Let’s be honest: it’s hard to truly stand out in a lasting way in the world of professional wrestling. With wild characters populating the business, everybody’s looking for a hook to elevate them as a true one-of-a-kind. Randy “Macho Man” Savage had that indelible extra quality about him: the voice, the mannerisms, the athleticism, the wardrobe … all of it combined to deliver a performance that demanded attention and helped Savage break free from the pack.
There’s also the fickle fortune of timing: being the right person in the right place at the right time.

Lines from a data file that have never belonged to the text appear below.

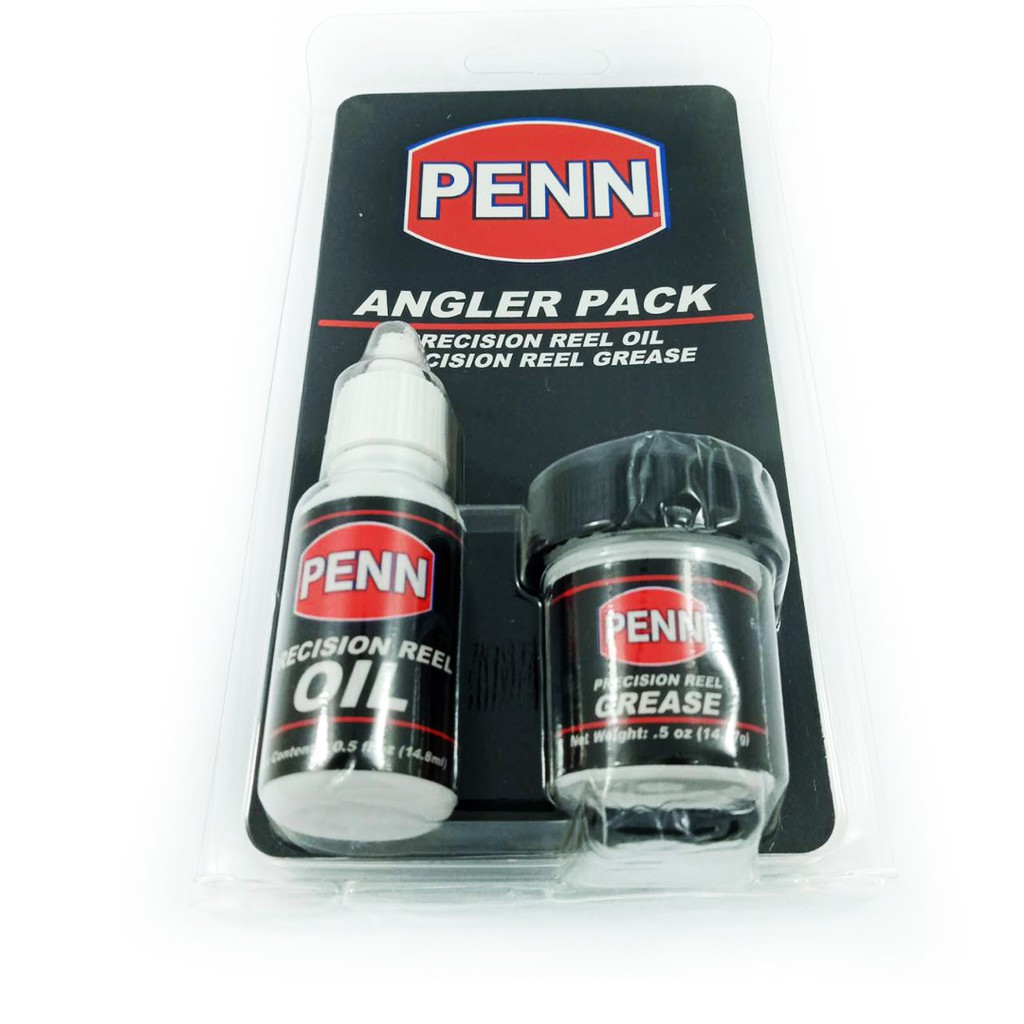 (ใช้โค้ด INCLS22 ลด 50% สูงสุด 100) จาระบีใส่รอกตกปลา PENN ANGLER PACK น้ำมันและจาระบีเพ็นน์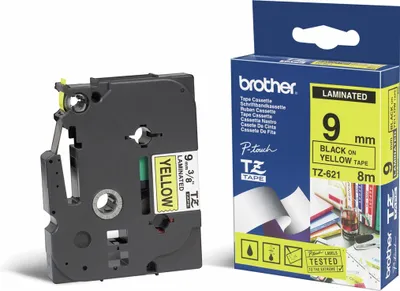 Obrázok produktu pre Brother TZE-621, Čierna na žltej, TZe, Šedá, Tepelný prenos, Filipíny, 5 rok / roky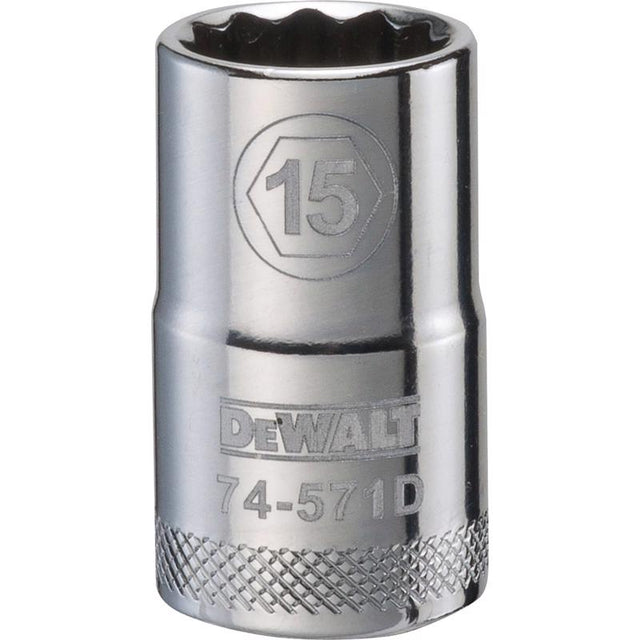 SCKT MTRC 12PT 15MM 1/2"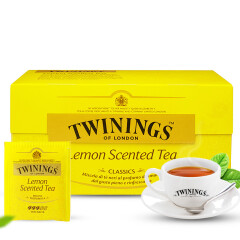 川宁（TWININGS）英国沁香柠檬味红茶50g/25片进口水果香红茶包独立包装袋泡茶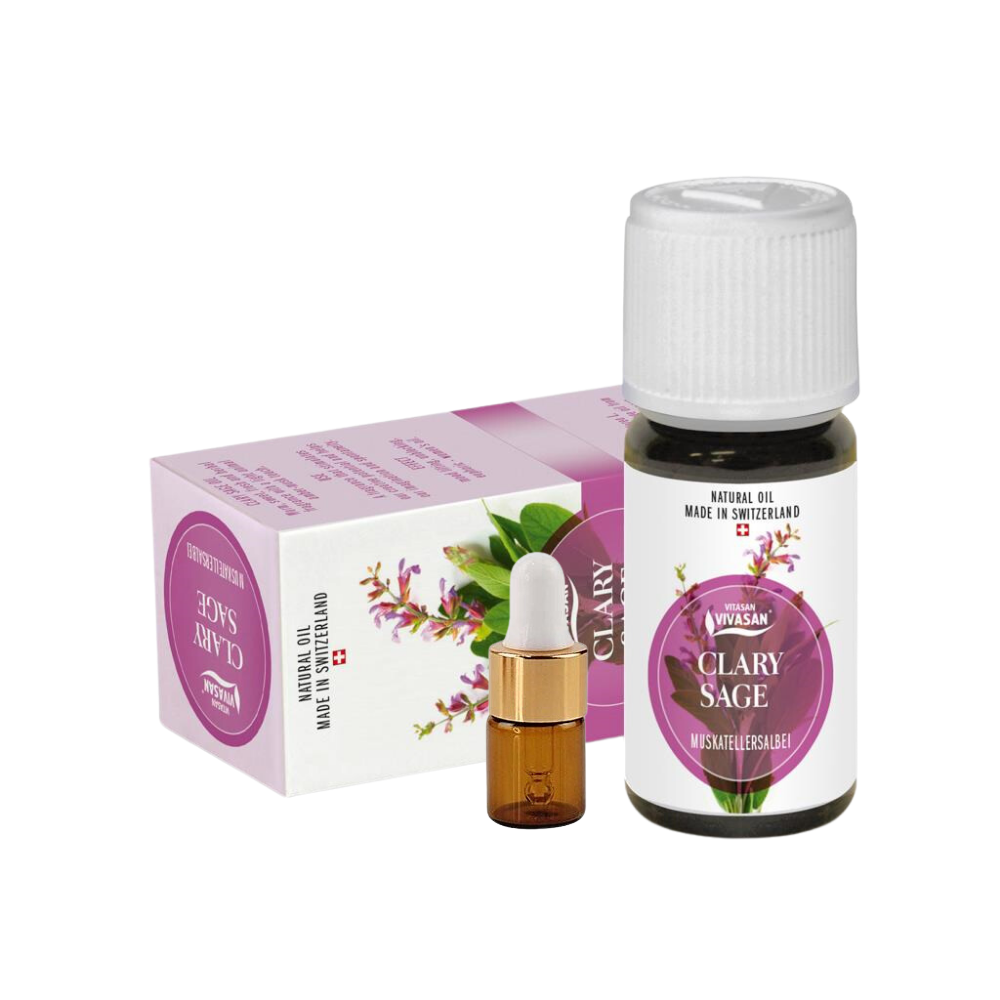 Ефірна олія Шавлія Мускатна 2мл пробник Вівасан Швейцарія (Salvia sclarea L.) Vivasan Switzerland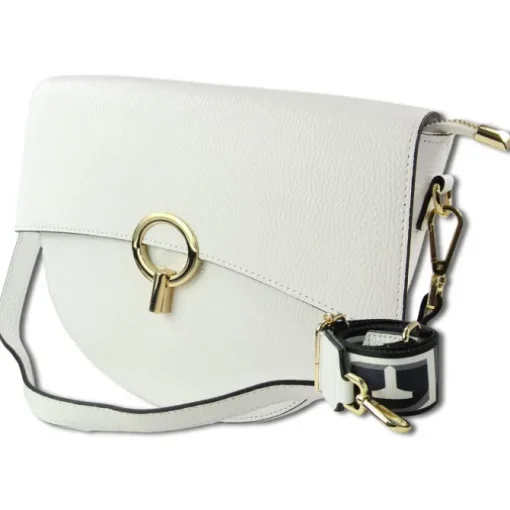 Toscanto Damen Jugend Citytasche Leder Tasche weiß OTT824UW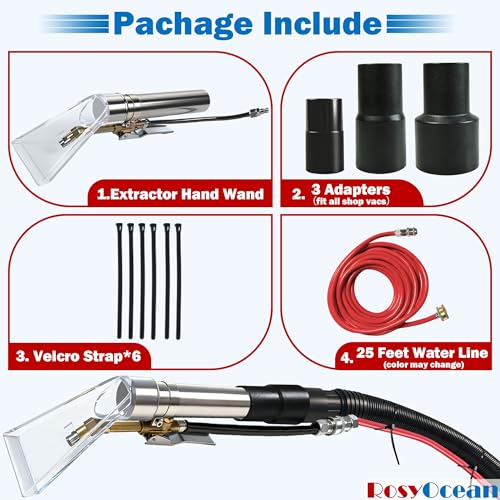 Shop Vacuum Extractor Attachment for Carpet and Upholstery Cleaning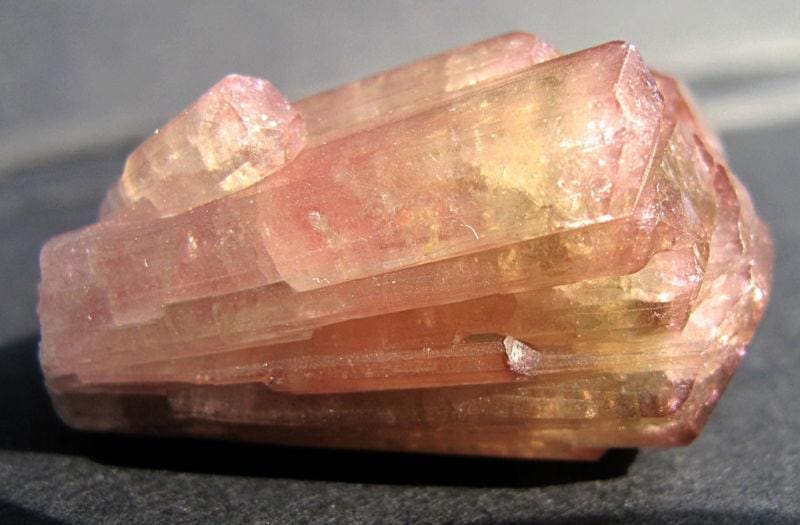 Tourmaline cluster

Actor, producer, and soon-to-be-director Kevin Makely understands this all too well, as he strives to steer his projects out of the crowd of independent films and etch a place in the public eye. In 2020, as much of the entertainment world was scrambling to adjust to the year’s challenges, Makely found himself the recipient of good fortune as his company’s Western film Badland started gaining traction on Netflix since people were stuck at home and started looking for more movies to watch, and it raced up the most-watched list on the streaming service.
And then, to top it all off, Makely was cast as Savage in NBC’s Young Rock TV series, appearing in tonight’s episode at 8:00 EST in what he describes as a dream role: as in one that he never thought could happen in reality.
Makely spoke with SlamWrestling.net about where this role fits into his career, how dressing up as Randy Savage for Hallowe’en paid off, and the day he delivered his very own Macho Man flying elbow.
Makely grew up in Poughkeepsie, NY, in what he describes as a humble but happy childhood. Raised by their mother, Makely and his brother didn’t have a father figure in their upbringing, and so he gravitated to uber-male characters on TV and in the movies. “My male influences were Stallone, Schwarzenegger, Van Damme, and ‘Macho Man’ Randy Savage,” Makely recalls. “These guys that were larger than life — that’s what I wanted to be.”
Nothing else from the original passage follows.